The U.S. Department of Homeland Security (DHS) announced that it will begin implementing changes to the Employment Authorization Documents (EADs) application process. One example of the changes includes prioritizing some applications. In addition, it would issue EADs with extended validity periods.
These EADs would benefit eligible immigrants, improving their opportunity to acquire work authorization. The DHS’s actions come as a response to calls for accelerated processing for work authorization. In addition, the Department announced several measures to improve and update its policies and procedures. These changes would improve its EAD processing, including an accelerated process for eligible applicants.
Beginning October 1, 2023, the U.S. Citizenship and Immigration Services (USCIS) will start accelerating processing for EAD applications. This processing will apply to parolees’ applications filed through the CBP One app. According to the DHS, unlike asylum seekers, these parolees are immediately eligible for work authorization.

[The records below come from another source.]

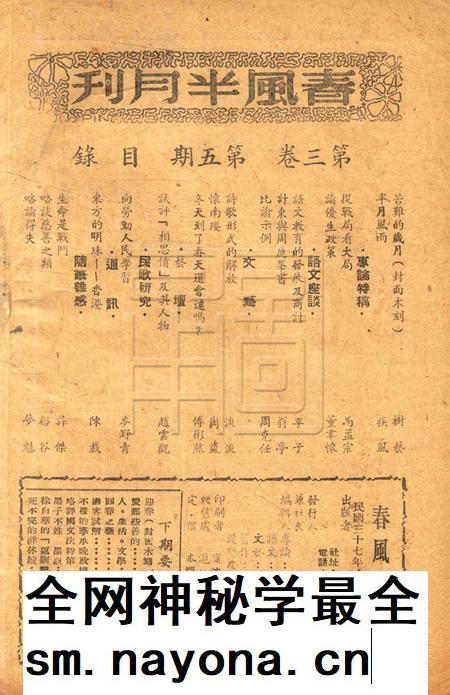 春风-第三卷第五期1948.12.16.pdf电子版_浙江省志插图1 春风-第三卷第五期1948.12.16.pdf电子版_浙江省志插图1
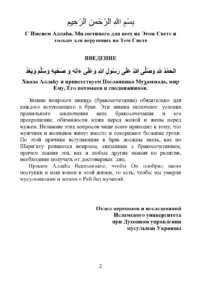 Нікях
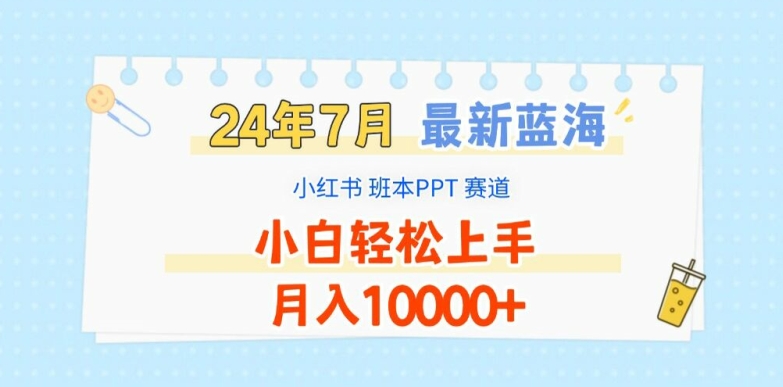 2024年7月最新蓝海赛道，小红书班本PPT项目，小白轻松上手，月入1W+【揭秘】-副业库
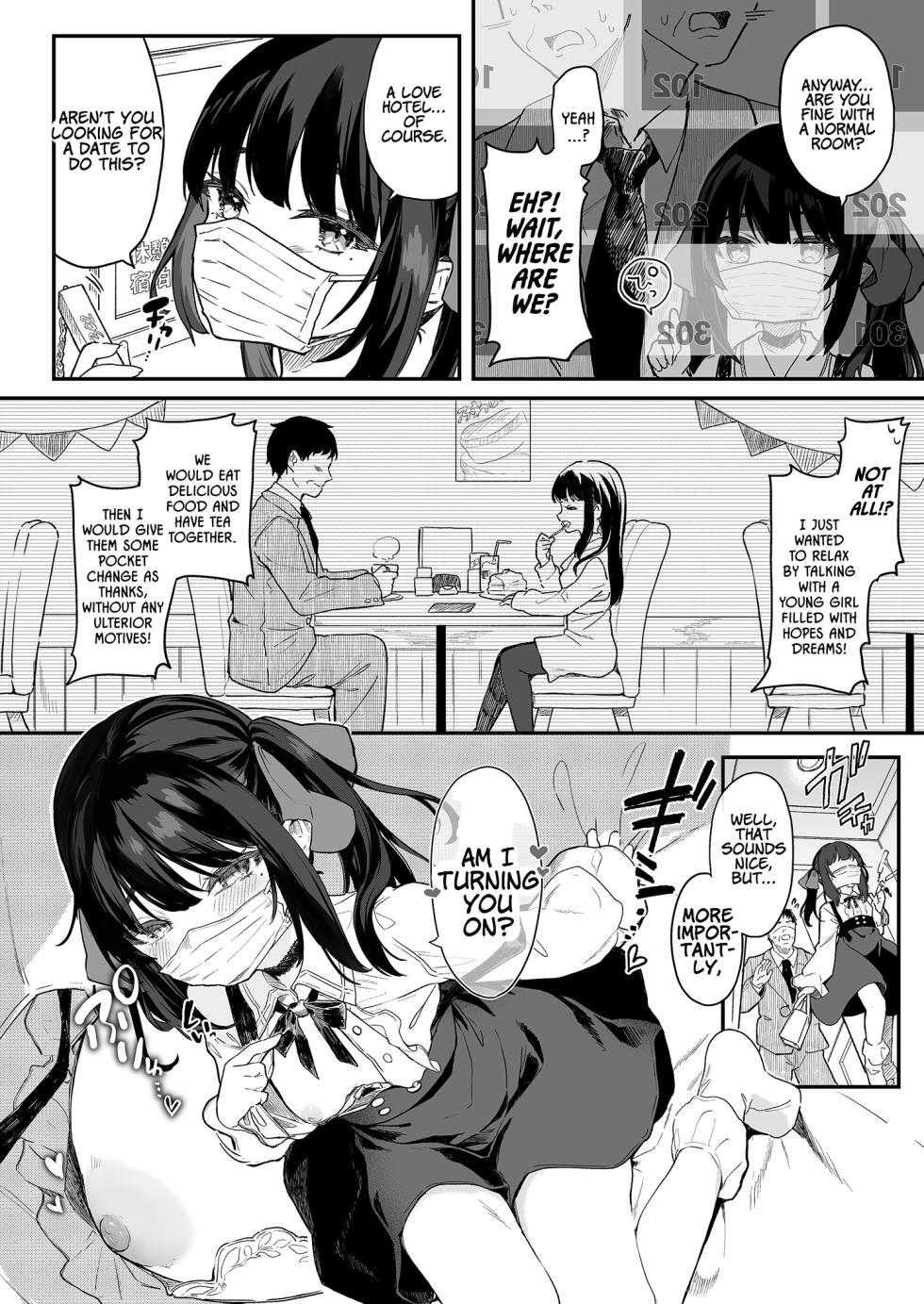 (C96) [Kedama Gyuunyuu (Tamano Kedama)] Zenbu Kimi no Sei da. | It's All Your Fault. [English] [1F47B, Marv] [Decensored] [Digital] - Page 27
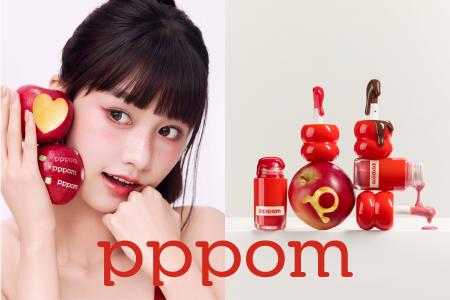 新メイクアップブランド「pppom」誕生！ファーストシ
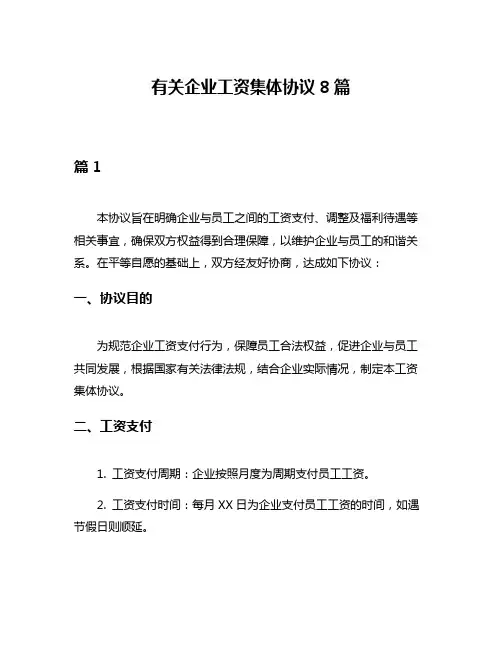 有关企业工资集体协议8篇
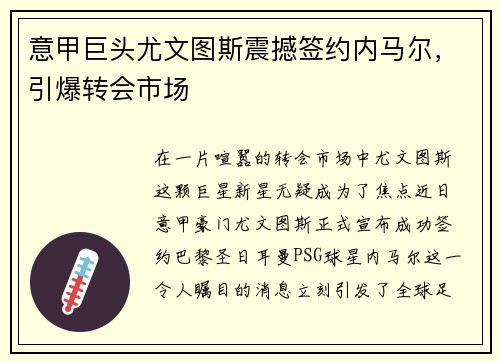 意甲巨头尤文图斯震撼签约内马尔，引爆转会市场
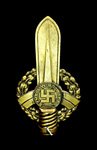 WWII German 1940 Sword and Swastika Flag Pole Top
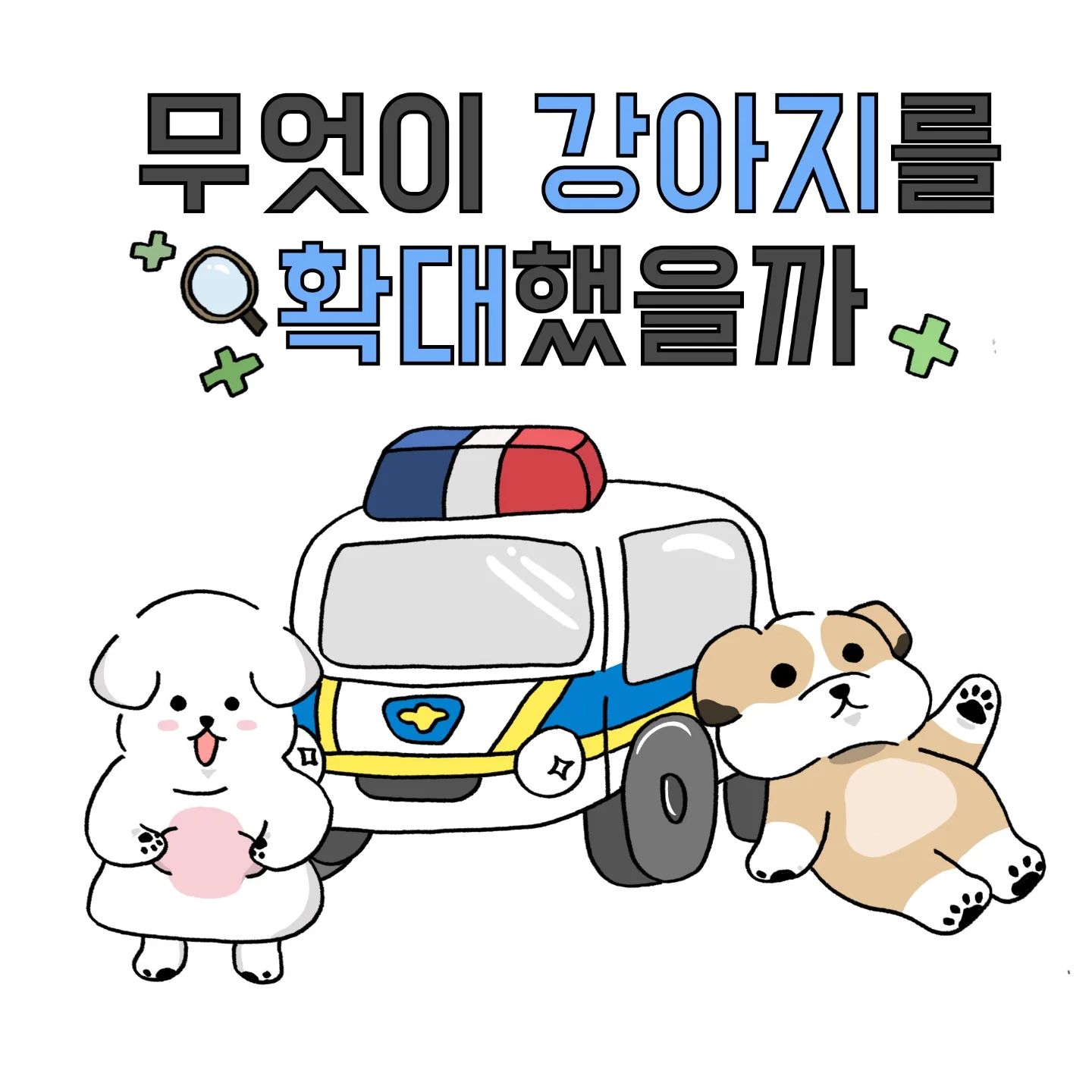 삐용삐용 강아지확대범
괜찮다 건강하게만 자란다면🫠
.
.
.
#강아지툰 #인스타툰 #일상툰 #공감툰 #다이어트 #강아지확대 #강아지장난감 #말티즈 #시츄 #강아지 #일상 #데일리 #daily #멍스타그램 #댕댕이 #뚱멍이 #동물툰 #dogstagram #dog  #툰스타그램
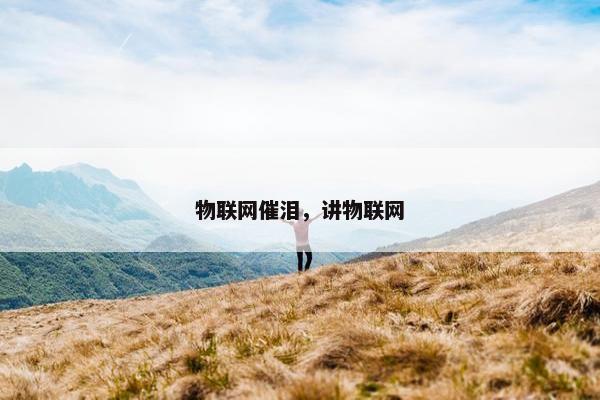 物联网催泪，讲物联网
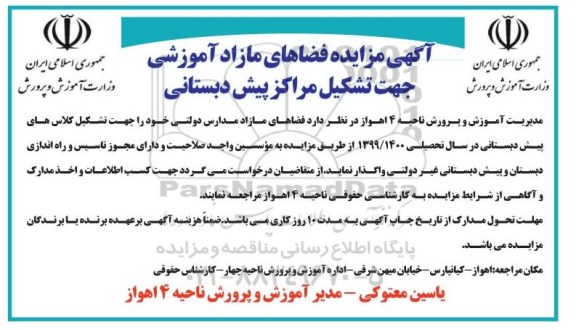 مزایده, مزایده فضاهای مازاد آموزشی جهت تشکیل مراکز پیش دبستانی 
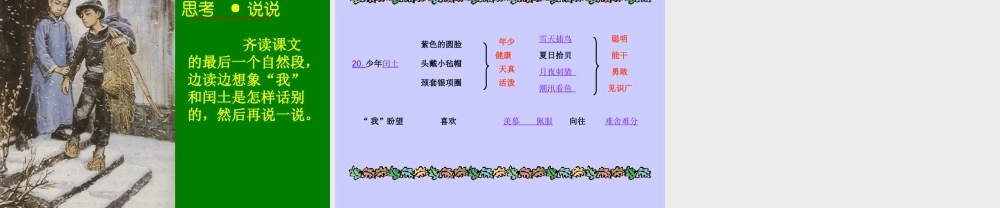 少年闰土~5870E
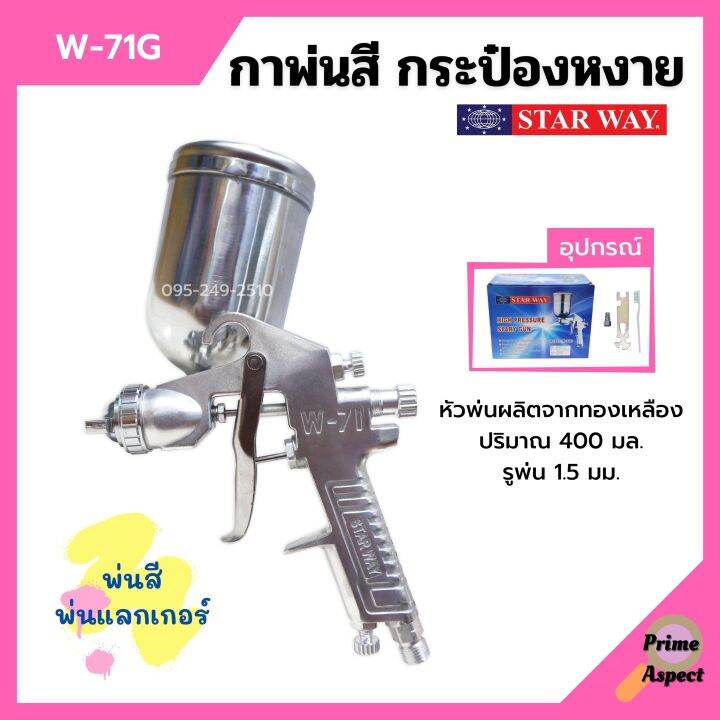 กาพ่นสี-กระป๋องหงาย-กาบน-กาหงาย-พ่นสี-พ่นแลคเกอร์-starway-รุ่น-w-71g-ปริมาณ-400-ml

The DHS will also assign additional personnel and adjust processes to decrease the median processing time for EAD applications. This adjustment would change the processing time from 90 days to 30. In addition, it will prioritize achieving the same 30-day processing time for applications filed under the Cuban, Haitian, Venezuelan, and Nicaraguan parole programs.
The DHS also recognized that many desire a similar acceleration in processing for asylum seekers. However, the Department revealed how current laws make this request impossible. Federal law stipulates that asylum seekers may legally obtain work authorization at least six months after filing their claim.
Furthermore, the Department remarked that USCIS will increase the validity periods for EADs held by eligible individuals. According to the DHS, this includes: “those admitted as refugees or granted asylum; recipients of withholding of removal; and applicants for asylum, adjustment of status, or cancellation of removal.”
With an increased validity period, the DHS aims to reduce how often individuals must file for EAD renewals. This increase has a two-fold impact: Reducing the likelihood of gaps in work authorization for beneficiaries and reducing the workload on the USCIS processing renewal applications. As a result, the agencies can spend more time reducing processing time for initial work authorizations.
These changes to work authorization will benefit employers by providing a larger labor pool. It also reduces how often they must reverify employees’ employment eligibility (Form I-9). Until then, employers should consider using an electronic I-9 management system to improve the employment eligibility verification process. This tool guides employees through the process and provides reminders of when to take action.